As described above, according to the present invention,
Until now, it was unavoidable to perform the wiring formation by plating. (1) Anions remain between the wiring and the insulating film; (2) Post-process such as cleaning is required; (3)
The problem that toxic waste liquid is generated and the waste liquid needs to be treated can be eliminated by forming wiring using a supercritical fluid.
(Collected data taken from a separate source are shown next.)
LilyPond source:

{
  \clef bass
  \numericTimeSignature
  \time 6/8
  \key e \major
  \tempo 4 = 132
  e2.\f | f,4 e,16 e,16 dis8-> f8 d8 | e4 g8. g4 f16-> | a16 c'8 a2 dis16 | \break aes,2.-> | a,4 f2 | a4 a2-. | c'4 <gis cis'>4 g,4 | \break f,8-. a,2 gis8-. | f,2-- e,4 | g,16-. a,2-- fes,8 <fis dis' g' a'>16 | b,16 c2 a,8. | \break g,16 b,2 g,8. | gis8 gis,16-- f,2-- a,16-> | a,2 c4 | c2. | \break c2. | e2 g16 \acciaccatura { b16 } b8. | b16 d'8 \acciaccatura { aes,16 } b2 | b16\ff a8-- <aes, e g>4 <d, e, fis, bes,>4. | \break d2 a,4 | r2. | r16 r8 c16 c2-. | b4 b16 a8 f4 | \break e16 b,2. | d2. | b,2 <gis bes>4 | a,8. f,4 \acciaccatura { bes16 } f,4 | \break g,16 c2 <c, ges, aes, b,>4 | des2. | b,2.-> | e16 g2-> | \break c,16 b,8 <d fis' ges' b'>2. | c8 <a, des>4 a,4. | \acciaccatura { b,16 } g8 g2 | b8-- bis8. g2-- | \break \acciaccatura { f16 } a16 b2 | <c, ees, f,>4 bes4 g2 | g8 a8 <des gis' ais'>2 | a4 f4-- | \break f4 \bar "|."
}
This greatly contributes to the simplification and shortening of the wiring forming process and the reduction of the influence on the environment when manufacturing the circuit board.

[Brief description of the drawings]

FIG. 1 is a diagram illustrating an embodiment of the present invention.

[Explanation of symbols]

10, 20, 30 ... container 11 ... supercritical CO ₂ 21 ... copper carbonate 22 ... copper carbonate solution 31 ... substrate 32 ... anode 41, 42, 43 ... conduit

Claims (7)

[Claims] 1. A solution containing a metal containing a metal to be formed on a circuit board as a material of a wiring is dissolved in a solvent in a supercritical state to form a solution. A method for forming wiring on a circuit board, comprising forming a wiring by depositing a film of the metal on the surface. 2. The method according to claim 1, wherein a fluid having a critical temperature near room temperature is used as the solvent. 3. The method according to claim 1, wherein a non-toxic and non-corrosive, chemically stable fluid is used as the solvent. 4. The method according to claim 1, wherein an electric field is applied to the solution to reduce the dissolved metal and deposit a film of the metal on the surface of the substrate. The method described in one. 5. The method according to claim 1, wherein the solvent is carbon dioxide and the compound is copper carbonate. 6. A circuit board comprising a wiring formed by any one of the methods according to claim 1. 7. An electronic device comprising a circuit board provided with wiring formed by any one of the methods according to claim 1.